沙東すず

以前はメレ山メレ子という名前で「メレンゲが腐るほど恋したい」というブログを書いていました

ノーダンゴウオの夜磯

2月の大干潮の夜には、ダンゴウオが関東某所の磯にも産卵にやってくる。と聞くたびに胸を躍らせていたが、これまでなかなかチャンスがなかったのだった。
金曜の夕方に集合し、Tさんの運転で磯に向かう。Tさんはダンゴウオ観察の経験者であり、長手袋やエビ網など必要な装備についても惜しみなく教えてくれたあらゆる意味で頼もしすぎる存在。本当は4人で行くはずが急な事情で3人になったのだが、車中ではダンゴウオの生態について教えてもらい、マイナス干潮への期待でおおいに盛り上がる。磯遊びが趣味になると「マイナス干潮」というフレーズに高揚する特異体質になる。秘密結社・マイナス干潮の会のものです。

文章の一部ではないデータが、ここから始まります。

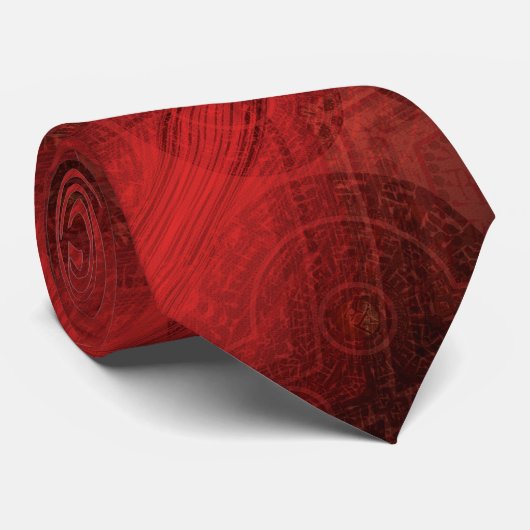 Cravate Acceptation | Médaillons de méditation rouge (Roulé)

干潮の一時間前に磯に到着し、ウェーダーに着替えてスポットに向かう。ウェーダーと暖かい帽子をかぶるとほとんど寒さは感じず、歩いているとうっすら汗ばむほど。夜の岩場を歩くわれわれは、月に降り立った宇宙飛行士のようだ。そういえば新月なのになんか足元に安心感があるな、と思ったら、磯友Kのヘッドライトがびっくりするくらい明るく輝いている。

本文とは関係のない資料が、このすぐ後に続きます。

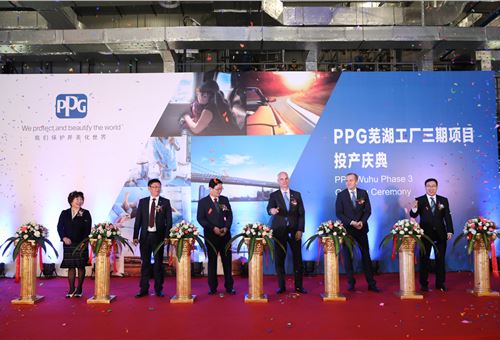 PPG installs $19 million water-borne automotive coatings production line in Wuhu, China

砂浜には冬でもハマダンゴムシ(通称ハマダ)がいる。オカダンゴムシよりひとまわり大きく、目もつぶらでかわいらしい。ここでハマダと戯れていたくなるが、ぐっとこらえて海に踏みこむ。


ライトで照らすと、海藻が美しくそよいでいる。
Tさんによれば「ゆっくり目をこらしながら歩いていくとビー玉くらいの大きさのものが驚いてフワフワと泳ぎ出すので、それをエビ網で優しくすくうといい」とのこと。

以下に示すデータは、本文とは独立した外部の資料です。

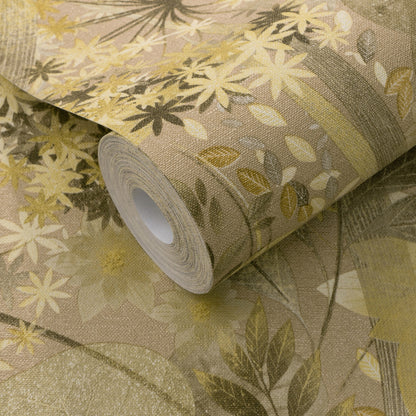 Yellow floral wallpaper roll with metallic accents and white/olive leaves; rolled-up sample for walls.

風もなく、胴長とあたたかい帽子で武装していればそんなに寒くもなく、これでダンゴウオさえいれば完璧なのだが…
いるのはウバウオばかりである。ウバウオも今回はじめて見る魚だが、なかなか顔がかわいい。ダンゴウオをこの辺で探すときはウバウオ、そしてビクニンが一緒にいることが多いらしい。ビクニンもいるなら見てみたいのだが見つからず。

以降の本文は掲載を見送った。